One of these was in the collection I inherited.

It's an HTT-71 "Jackson" token - a political item protesting his policies.  It was made by the Scovill Manufacturing Company of Waterbury, Connecticut around 1833 as political satire directed at Andrew Jackson's desire to abolish the Second Bank of the United_States.  “I take the responsibility” is what Jackson said when he transferred the Bank of the United States funds into 25 state banks.

On better examples you can see the letters LL.D on the donkey. That was a poke at the honorary degree Harvard had awarded the poorly educated Jackson.

Jackson is partially blamed for causing the The Panic of 1837.

These are very common, $20 or so (2014).  One like it was in the collection I inherited.

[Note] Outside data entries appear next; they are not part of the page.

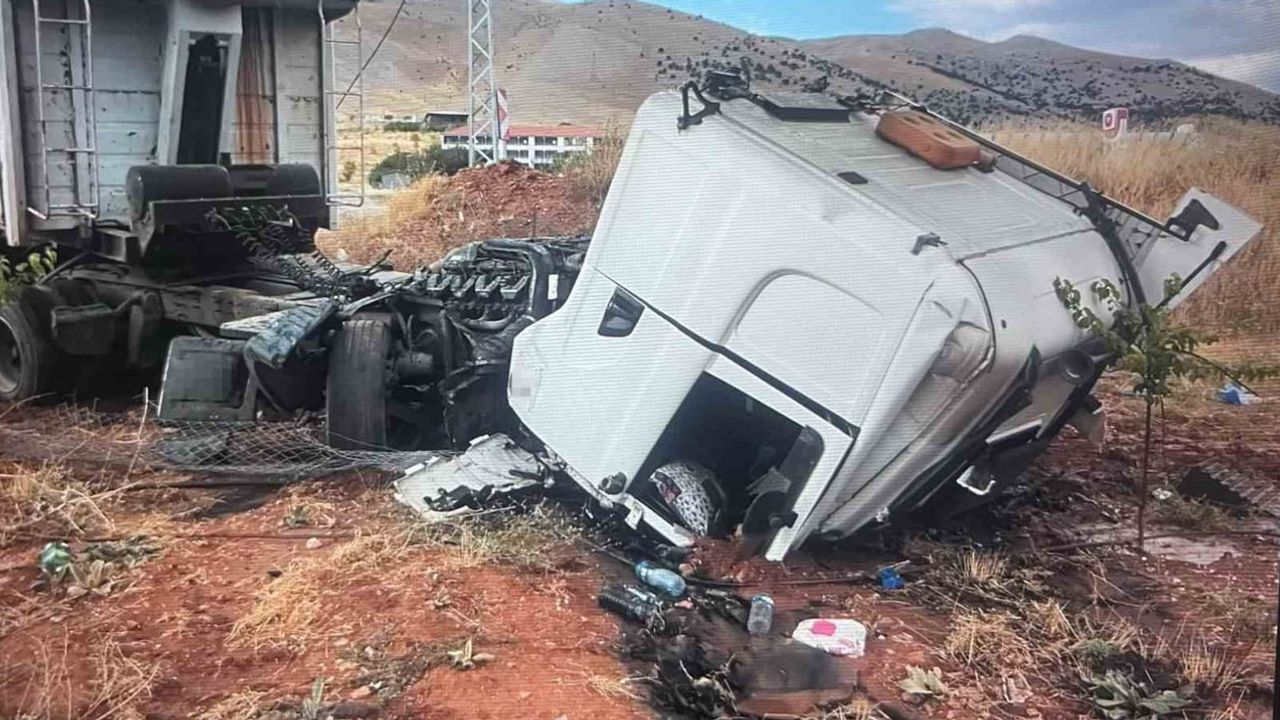 Akşam saatlerinde Doğanşehir'de iki kaza: 9 kişi yaralandı
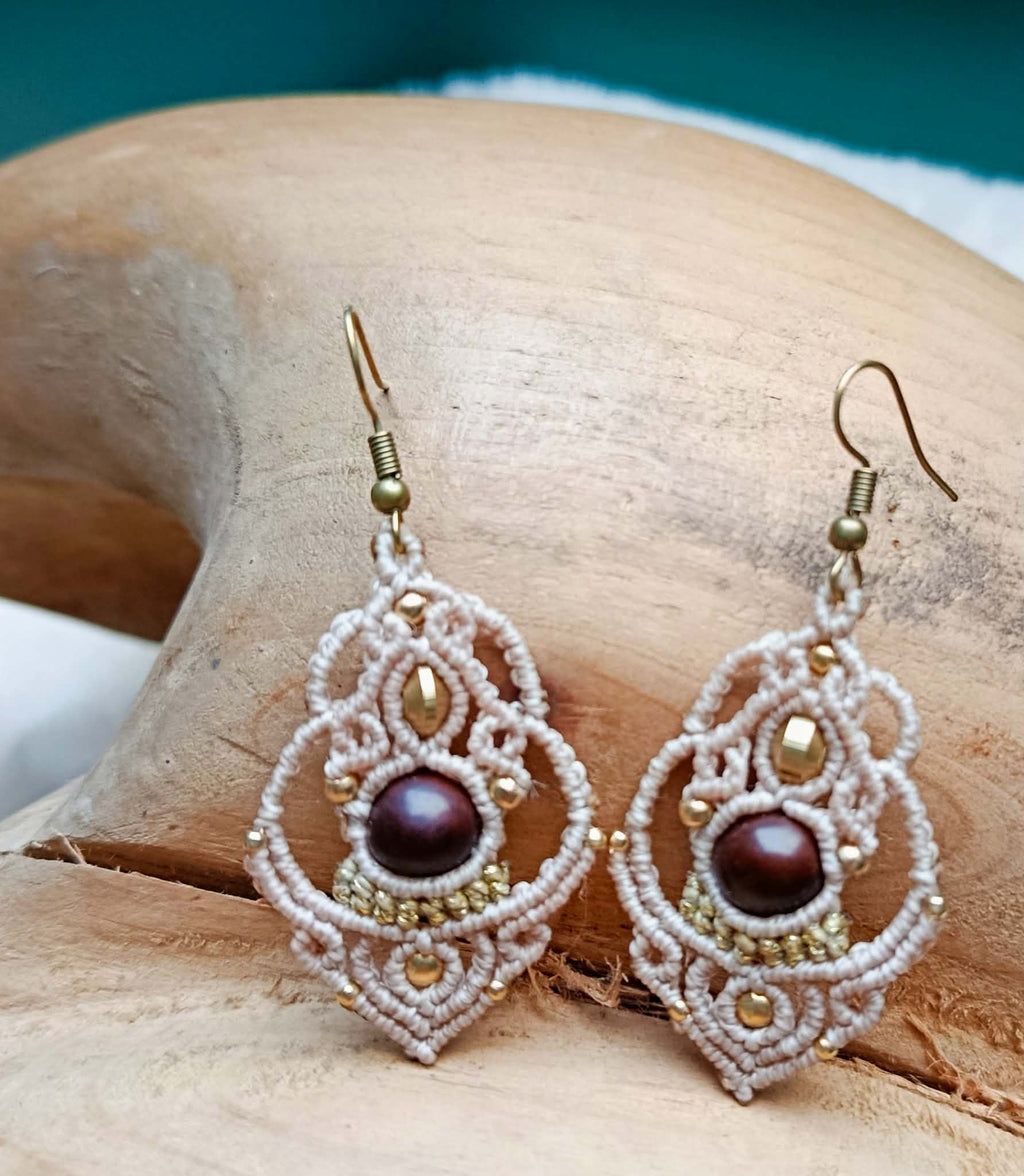 Boucles d’oreilles en micromacramé fait main – Ivoire végétale & perles dorées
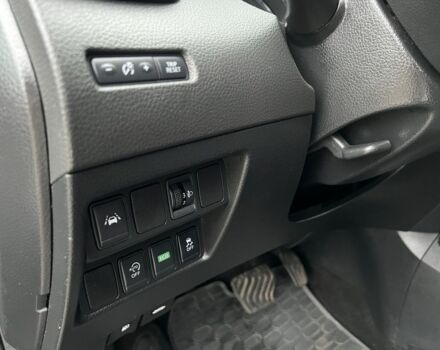 Черный Ниссан Кашкай, объемом двигателя 1.6 л и пробегом 250 тыс. км за 11500 $, фото 11 на Automoto.ua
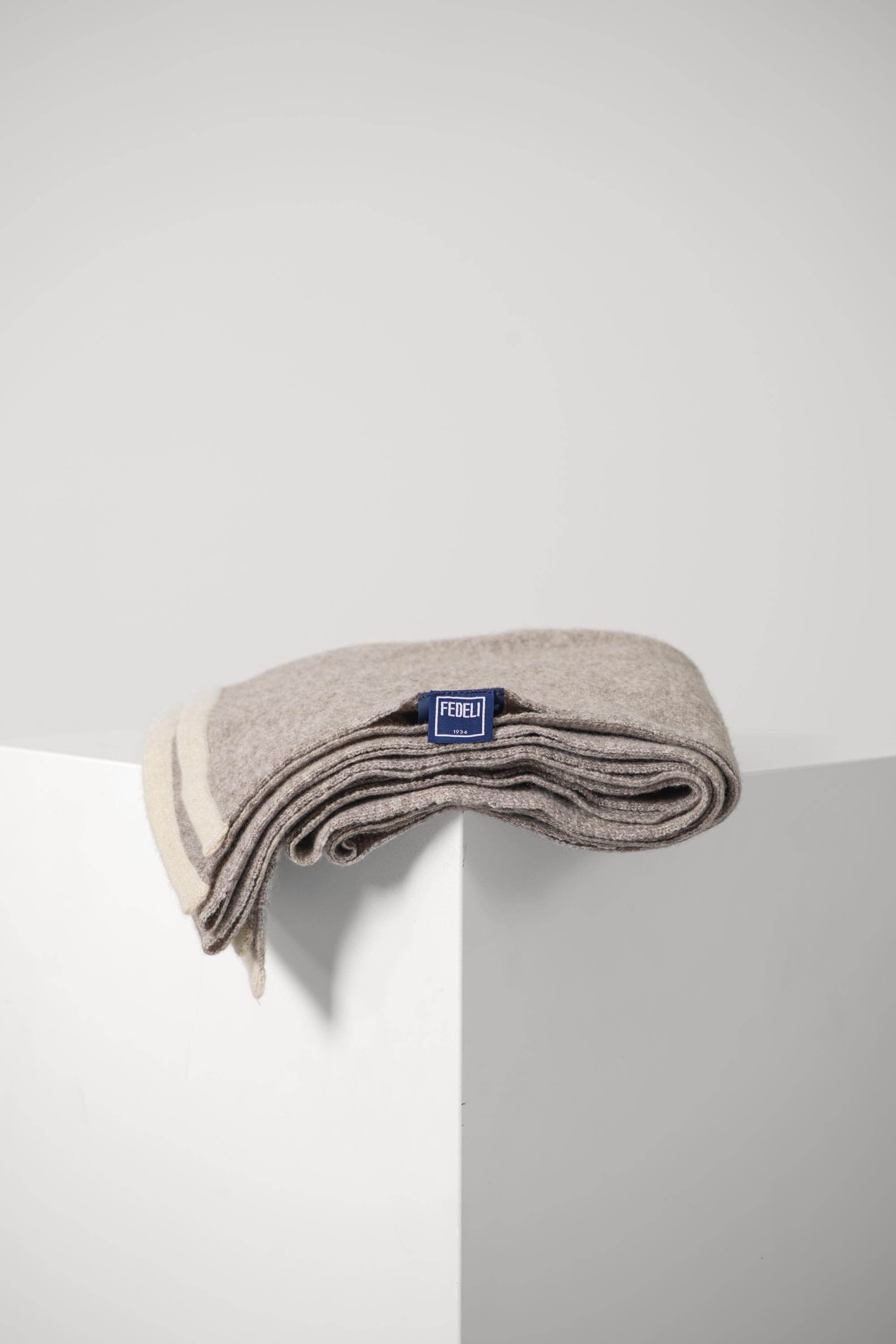 Open Cashmere Scarf – Corda/Platino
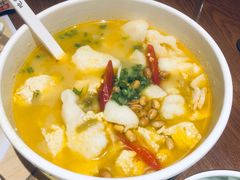 -渝是乎酸菜鱼(龙旗购物中心店)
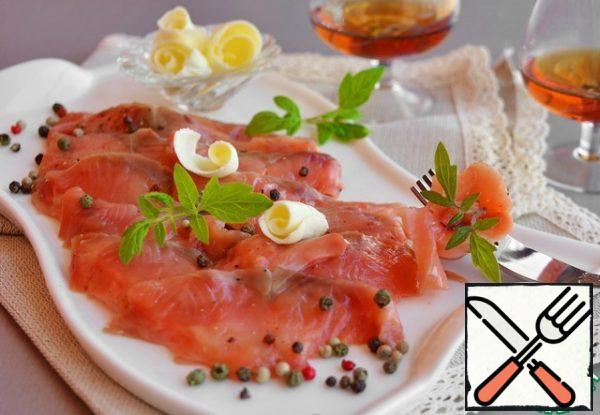 Even budget pink salmon, salted in this way, will become the queen of the table.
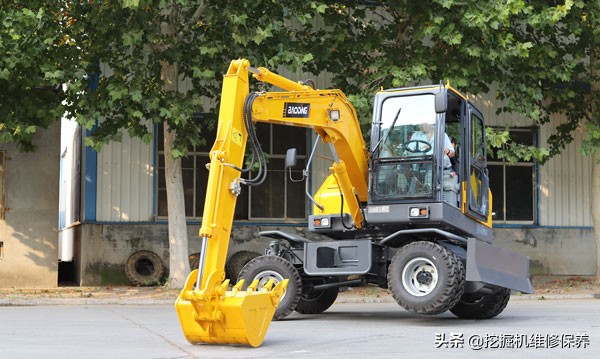 三一轮式150挖掘机,挖掘机新手要学会的技巧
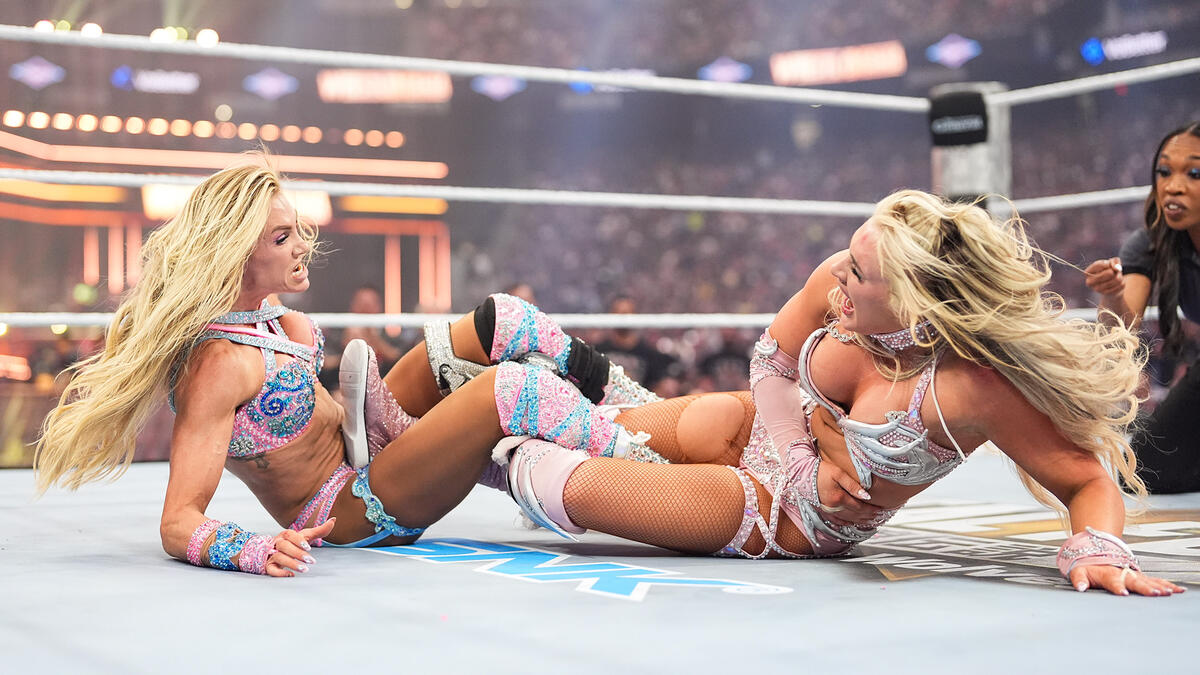 Charlotte Flair vs. Tiffany Stratton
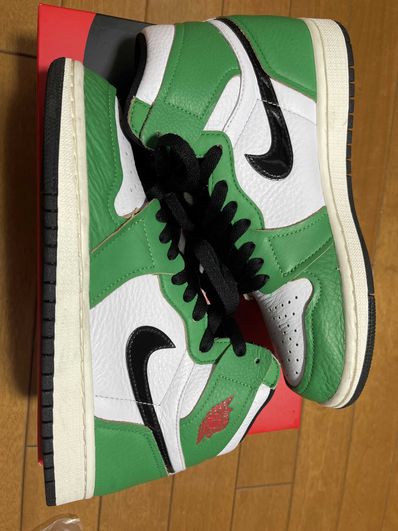 Nike Women's Air Jordan 1 High OG "Lucky Green/White-Sail-Black"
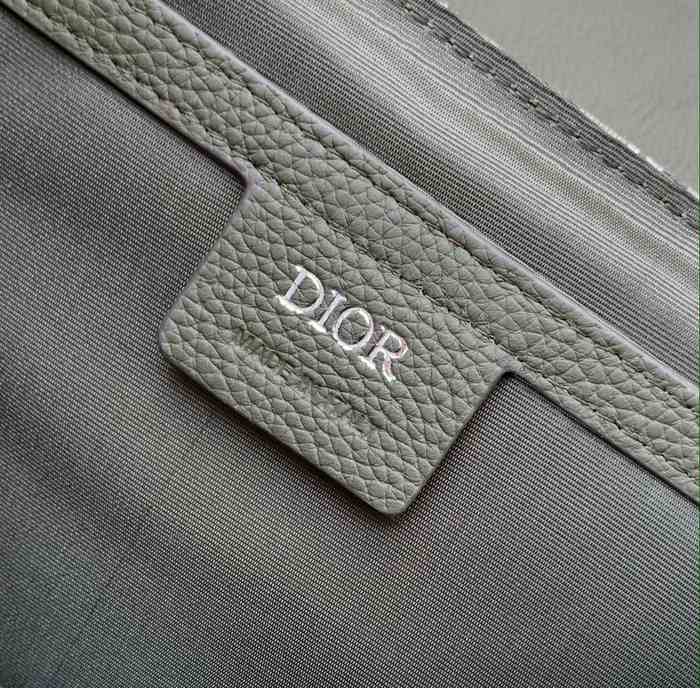 Dior Tote style 23 Green 01A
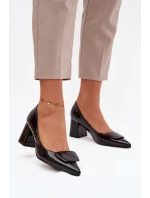 Lakované lodičky na podpatku s ozdobou Černé model 21752752 - Boto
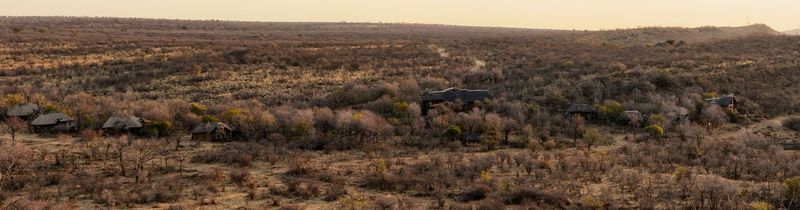 Impodimo Game Lodge Заповедник Мадикве Экстерьер фото
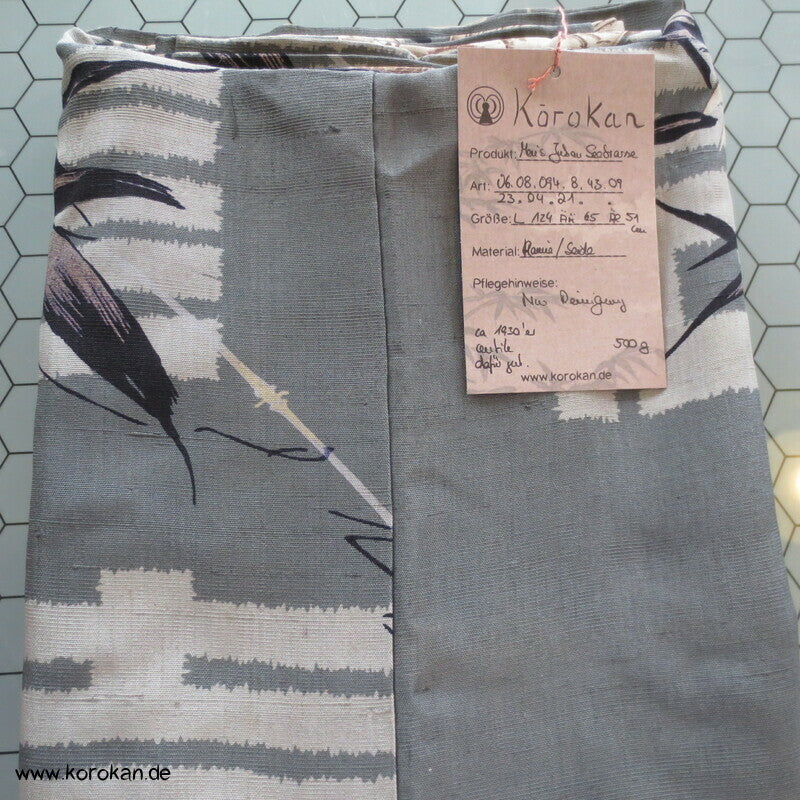 Seebrassen und Bildrollen auf Ramie Juban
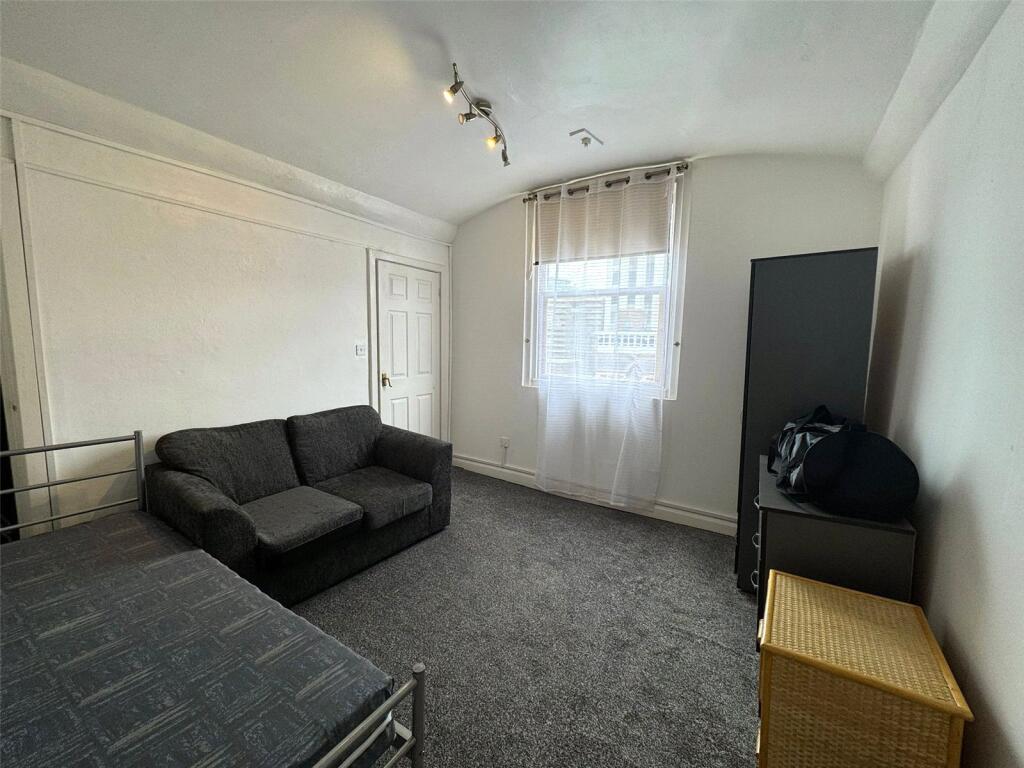 42, Park View Court photo 2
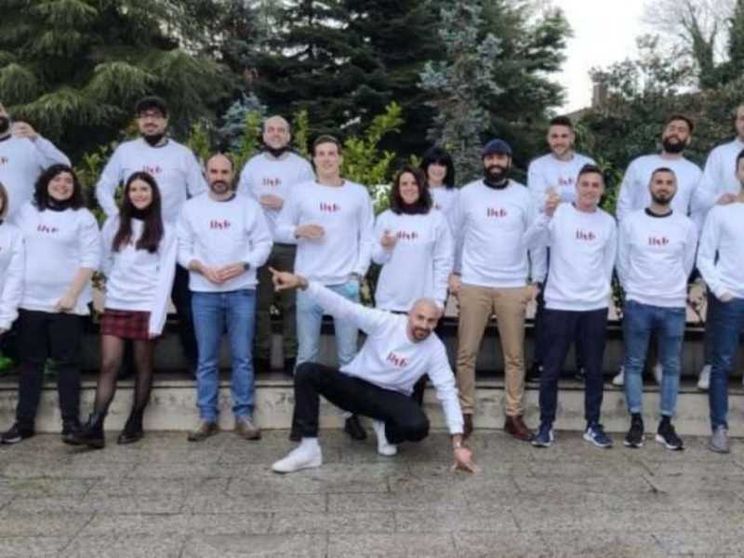 Raccoglieva banane, ora fa milioni con la tecnologia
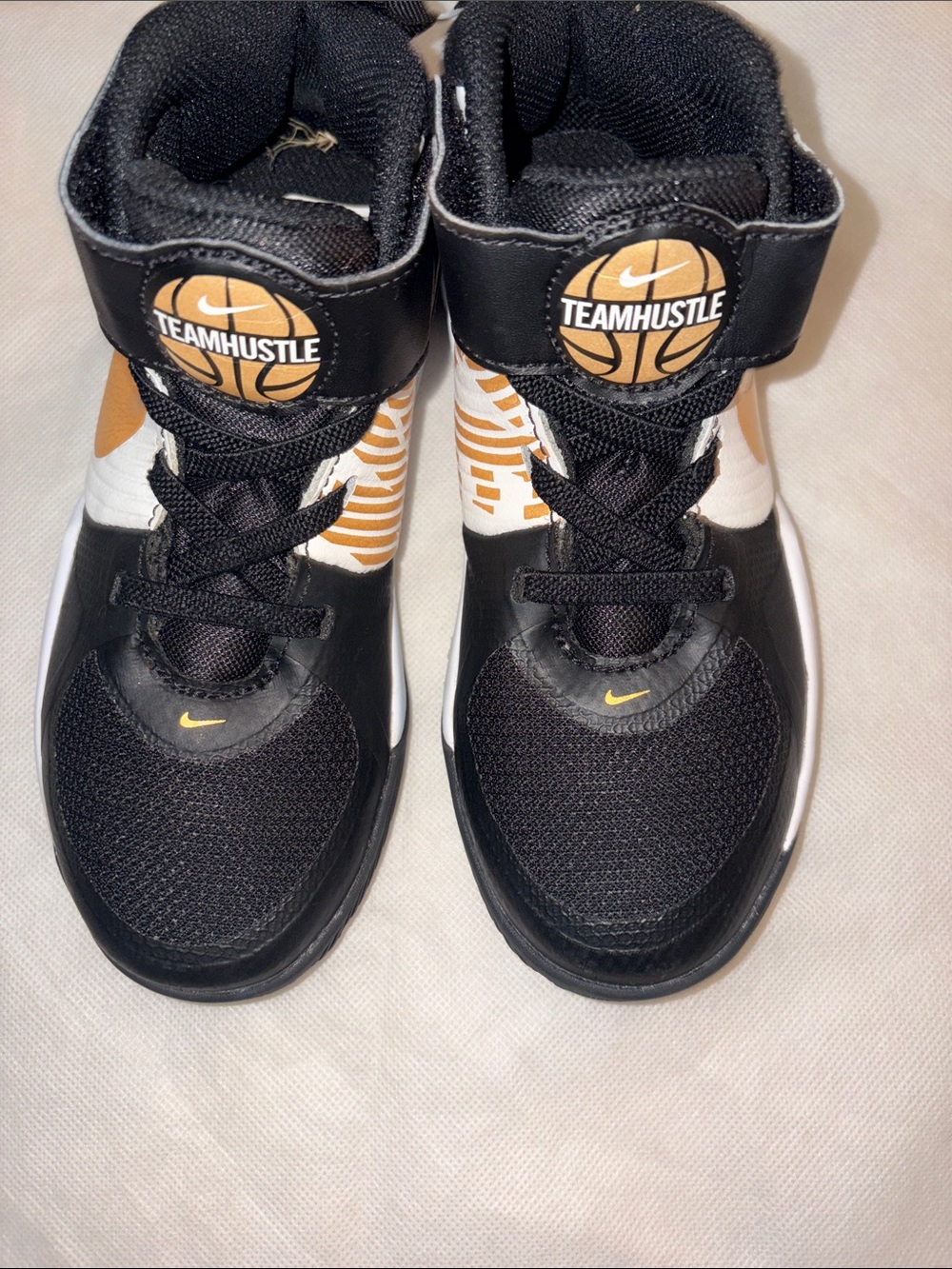 Nike Team Hustle D 10 Black Metallic Gold White Toddler Size 13C CW6736-002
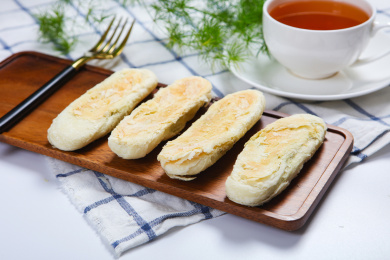 传统中式点心糕点老北京牛舌饼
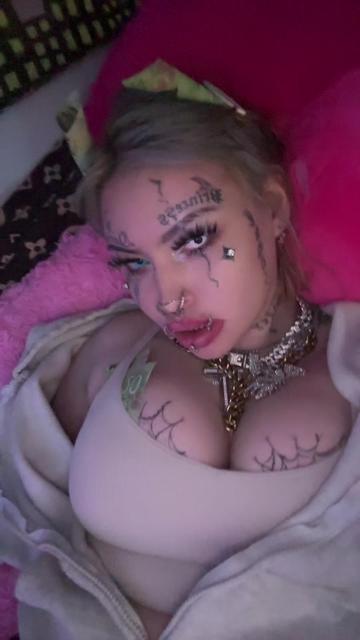 @brooklynyoungorielleee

Jackson's political opinions are well expressed here:

It is to be regretted that the rich and powerful too often bend the acts of government to their selfish purposes. Distinctions in society will always exist under every just government. Equality of talents, of education, or of wealth can not be produced by human institutions. In the full enjoyment of the gifts of Heaven and the fruits of superior industry, economy, and virtue, every man is equally entitled to protection by law; but when the laws undertake to add to these natural and just advantages artificial distinctions, to grant titles, gratuities, and exclusive privileges, to make the rich richer and the potent more powerful, the humble members of society — the farmers, mechanics, and laborers — who have neither the time nor the means of securing like favors to themselves, have a right to complain of the injustice of their government. There are no necessary evils in government. Its evils exist only in its abuses. If it would confine itself to equal protection, and, as Heaven does its rains, shower its favors alike on the high and the low, the rich and the poor, it would be an unqualified blessing.

Not Certified

Collection: 1832 Philadelphia Mint/Lords Prayer Medal

Note:  Everything is in a safe deposit box.  I keep nothing in my home. 

Previous Coin
Next Coin

According to what I've found by asking in forums:

The token is listed in "The Standard Catalog of United States Tokens, 1700-1900" by Russell Rulau. This token is listed by Rulau in the section of Pennsylvania Trade tokens. The token was produced by George B. Soley on the Mint's first steam coinage press, which he had acquired as scrap in 1875. Relatively common, extant pieces are available in high grade. It is listed as: PA-Ph 394. Sold at various late 19th century expositions and at the Philadelphia Mint as souvenirs. 

I was able to confirm that with other research.

It's about a half inch (13.4 mm) and was struck around 1860. It would usually have come with a ribbon:

A coin like this was in the coins I inherited and later sold.  They are easy to find and not expensive - $10 to $20 or so (2014).

Not Certified

Saturday, March 29, 2014

Collection - 1816 Large Cent

Note:  Everything is in a safe deposit box.  I keep nothing in my home. 

Previous Coin
Next Coin

She's no beauty, is she? Knocked about, jangled in many a pocket and purse and she ran into something really hard and sharp at some time in her long life.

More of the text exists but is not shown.